The discussion then turns to putting the pieces together, looking for confirmation and analysis of the trends alluded to in our survey and further pursued in the interviews.
I commissioned several articles for this issue using some of the more telling survey results as my guide. In “Shrinking the Costs of Bioprocess Development,” authors from Tecan, Atoll GmbH, and the University College London describe how automation in the different areas can contribute to accelerating process development. They profile applications currently in use for cell line development, cell culture upscaling, antibody development, downstream process development, and PAT.
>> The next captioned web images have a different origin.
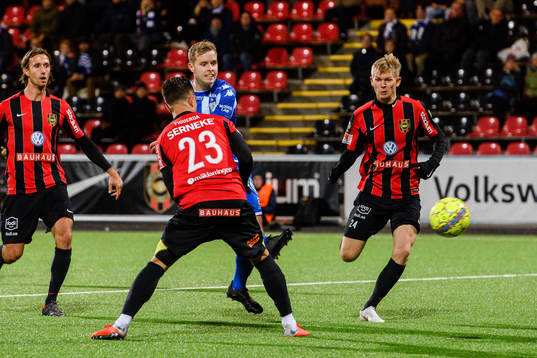 IFK Göteborgs Victor Wernersson gör 0-2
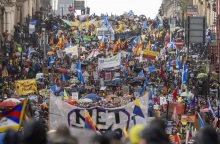 Κλιματική αλλαγή: Mαζικές διαδηλώσεις στη Γλασκώβη και τον κόσμο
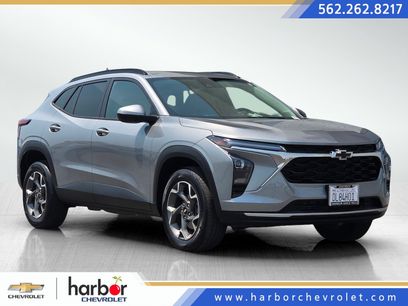 Certified 2025 Chevrolet Trax LT w/ Driver Confidence Package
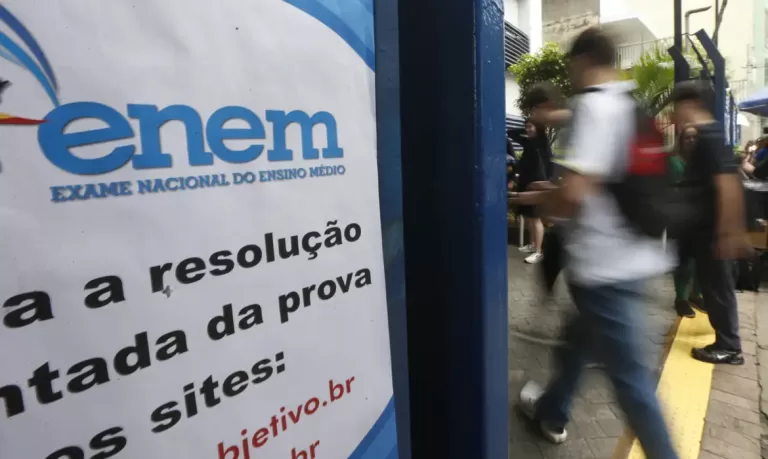 Prazo para isenção de taxa de inscrição do Enem termina na sexta-feira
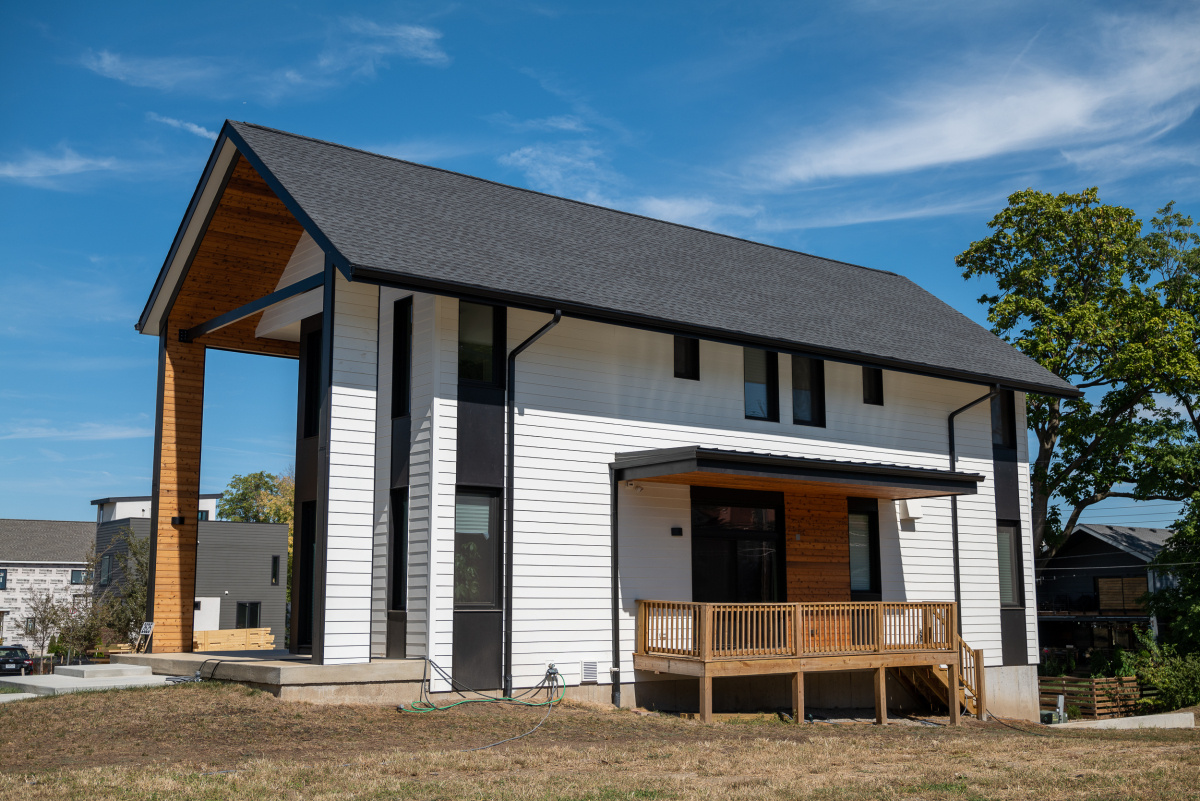 Kala Performance Homes built this 2,901-square-foot custom home in Kansas City, Missouri, to the high performance criteria of the U.S. Department of Energy’s Zero Energy Ready Home (ZERH) program.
DoE came out at the top of our survey of new methods in use for process design. So in “Design of Experiments Helps Optimize Cell Culture Bioproduction System,” Steven Peppers, formerly a principal scientist with Invitrogen in Grand Island, NY, offers an experiment combining a robotically controlled microbioreactor system with DoE methods to optimize cell-culture media and feeding strategies. He shows how this new process is rich in information and provides a solid understanding of the most influential factors affecting performance of specific cell lines.
We next offer a detailed case study on “Creation of a Well-Characterized Small-Scale Model for High-Throughput Process Development,” from David Zhang and colleagues from Diosynth Biotechnology. With streamlining process development as the focus of the biotechnology industry over the past several years, they discuss a characterization strategy for 2-L, 15-L, and 110-L bioreactors. They show how characterization information in conjunction with specific oxygen uptake rate (OUR) successfully predicted large-scale reactor performance.
The fourth case study is “Software Simplifies Accounting for Batch Genealogy: Improving Process Knowledge and Design Through Upstream/Downstream Data Analysis,” by Justin Neway of Aegis Analytical Corp. In it, he creates a picture of the next generation data analysis. His anonymous case study (the names were changed to protect patent holders) demonstrates how to use data access and contextualizing software to make meaningful, quantitative correlations between parameters from upstream and downstream operations.
Through these examples, and through the many voices from the industry reflected in this issue, we hope that you will come away from your reading with an enhanced understanding of where and how all the pieces fit together under current “risk-based” approaches to accelerate process design and drug manufacturing. As always, the interpretations in this issue come from our interviewees and whatever conclusions we felt we could safely draw as editors. But it is you who are out there doing this work, so we count on you to help us continue this discussion by submitting manuscripts, letters to the editor, and emails. Help us know what you want to see explored in greater depth. In the meantime, we welcome you to the presentations within these pages.